Dispatches, which debuts on Monday, is taking a contrarian stance at a time when most news outlets are trying to stem the losses they're incurring in printed media by following readers and advertisers to the Internet.
The magazine, edited by journalist and author Mort Rosenblum and photographer Gary Knight, is a quarterly compilation of analyses of world events, with each issue grouped around a theme and featuring the work of well known journalists and authors.
While newspapers and news magazines have been adopting ever-faster schedules to keep up with the 24-hour news cycle prompted by the always-on nature of the Internet, Dispatches is slowing down the breathless delivery of "what" and downplaying instant analysis.
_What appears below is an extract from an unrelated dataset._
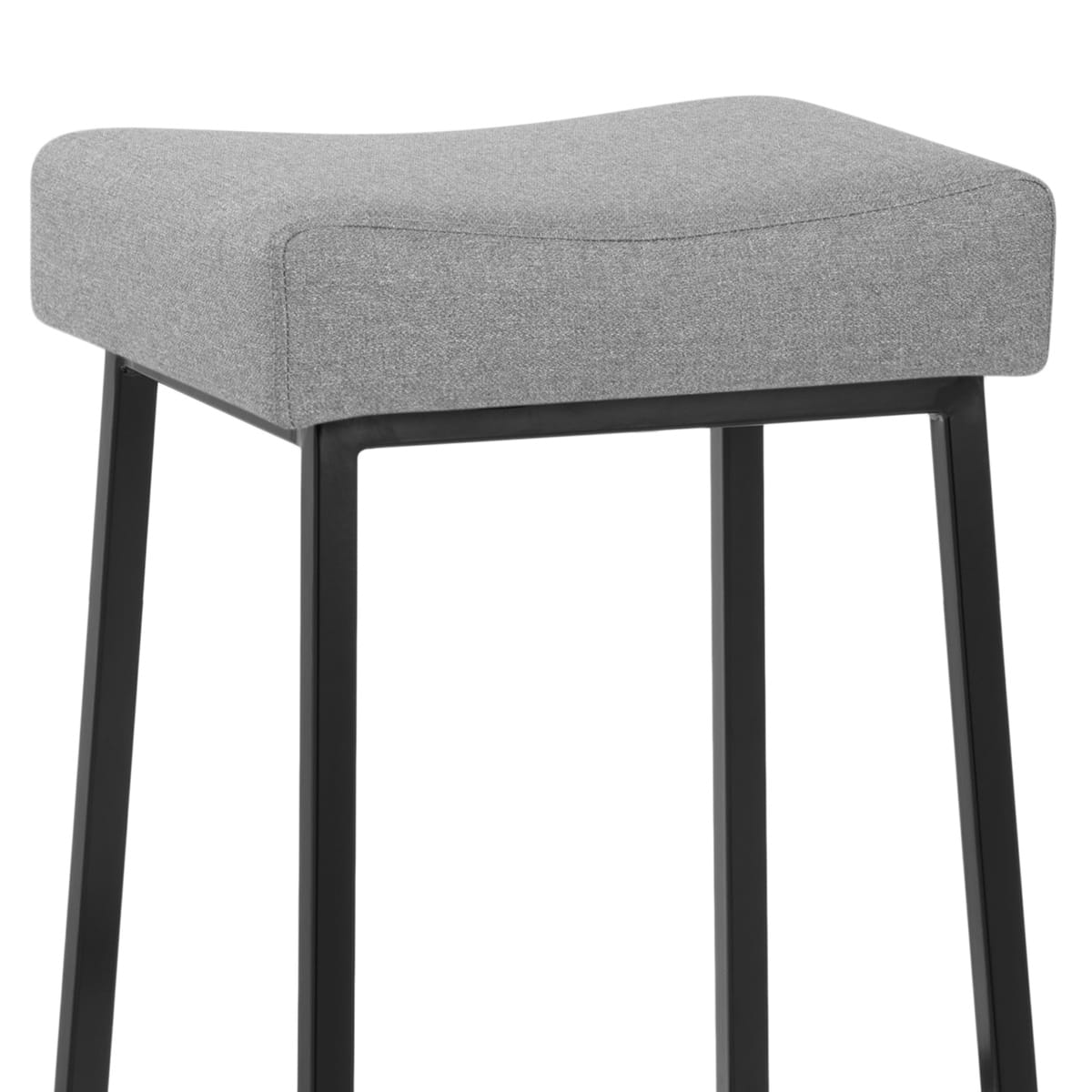 Uno Bar Stool Light Grey Fabric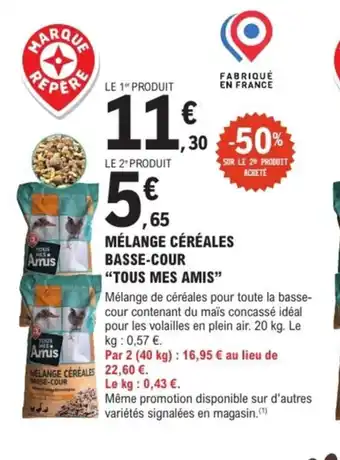 E.Leclerc Jardi TOUS MES AMIS Mélange céréales basse-cour offre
"Rather than compete with existing newspeople, we just thought we would go deeper and, when possible, closer, and deal with not so much the what and who, but the why and what can be done," said Rosenblum, a globetrotting former correspondent for the Associated Press and author of the book "Escaping Plato's Cave: How America's Blindness to the Rest of the World Threatens Our Survival."
Rosenblum's website (http://www.mortrosenblum.net) says cutbacks and deterioration in U.S. journalism brought on by ad sales declines and shareholder demands for constant profit leave readers without sources of analysis in times that are more dangerous and uncertain than ever.
The first issue of Dispatches includes essays on the theme "In America." One essay is a trip through New Orleans and other cities by journalist Muzamil Jaleel called "A Kashmiri in America: The Lucky Shade of Brown." It also features an essay by John Kifner of The New York Times that asserts that Americans ignore history at their peril.
Travel writer Paul Theroux and journalist Samantha Power also contribute to the first issue.